**TASK TO COMPLETE**
Return each record word for word, keeping none of its pictures.

------------

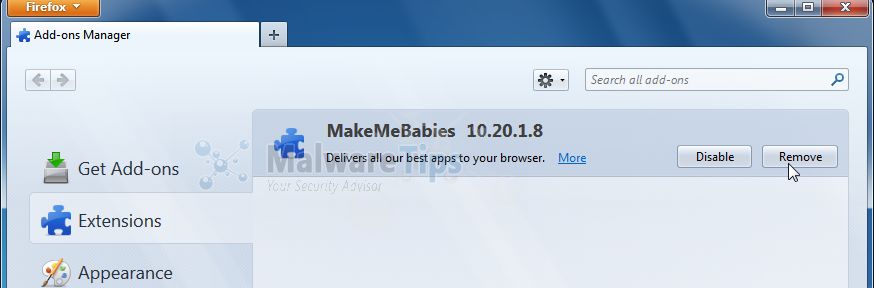 [Изображение: расширение Firefox для панели инструментов MakeMeBabies]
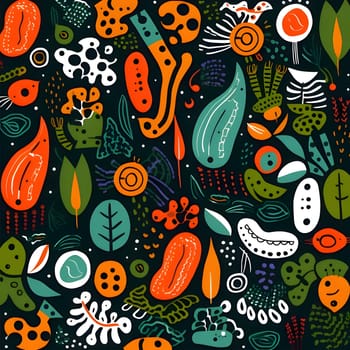 Patterns and banners backgrounds: Hand drawn seamless pattern with doodle vegetables and fruits. Vector illustration.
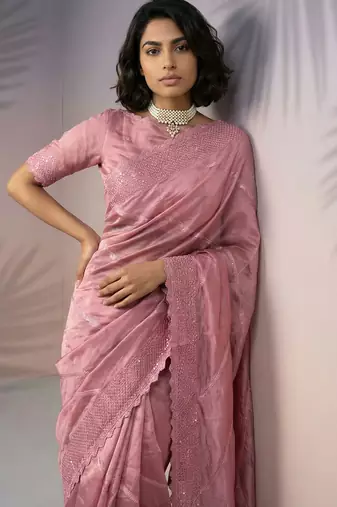 pink rasberry silk blend thread embroidery with sequins work saree with blouse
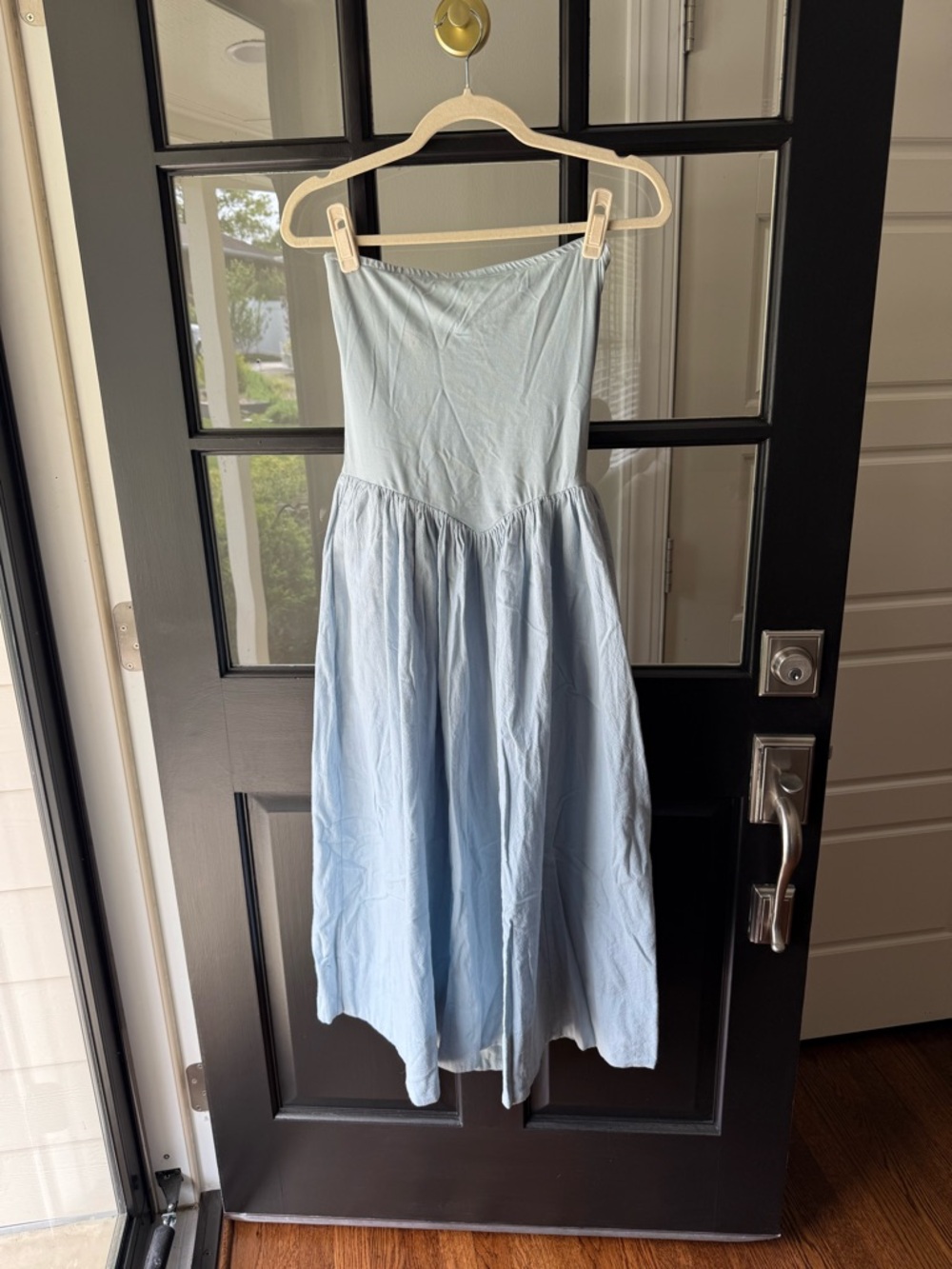 Free People Light Blue Strapless Midi Dress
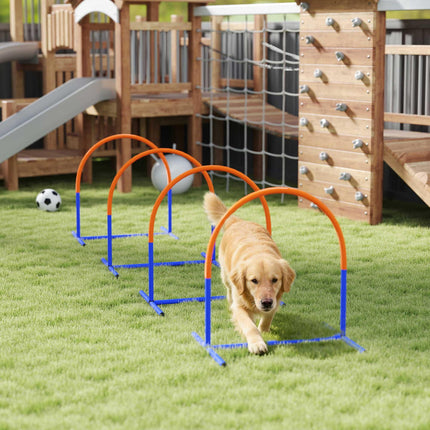 4PC Portable Dog Agility Equipment Set - Blue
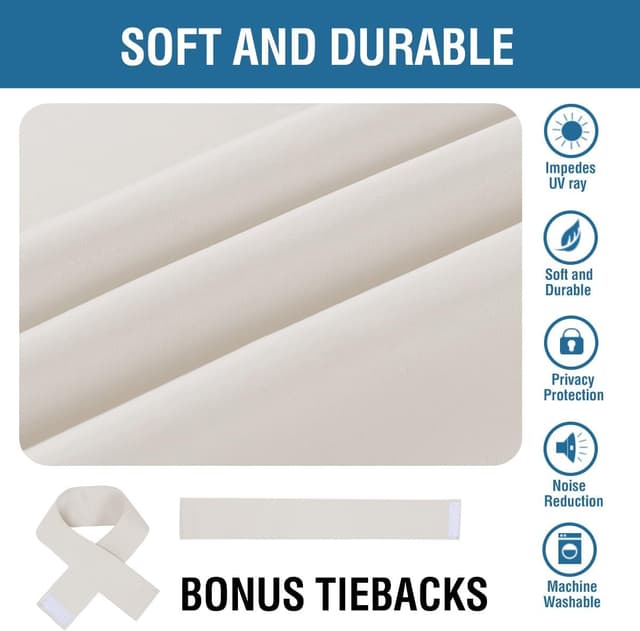 Thumbnail 5 de BellaHills Blackout Curtains 66 x 90 in Ivory 🪟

------------

**SOLUTION**
 [Изображение: расширение Firefox для панели инструментов MakeMeBabies]
 Patterns and banners backgrounds: Hand drawn seamless pattern with doodle vegetables and fruits. Vector illustration.
 pink rasberry silk blend thread embroidery with sequins work saree with blouse
 Free People Light Blue Strapless Midi Dress
 4PC Portable Dog Agility Equipment Set - Blue
 Thumbnail 5 de BellaHills Blackout Curtains 66 x 90 in Ivory 🪟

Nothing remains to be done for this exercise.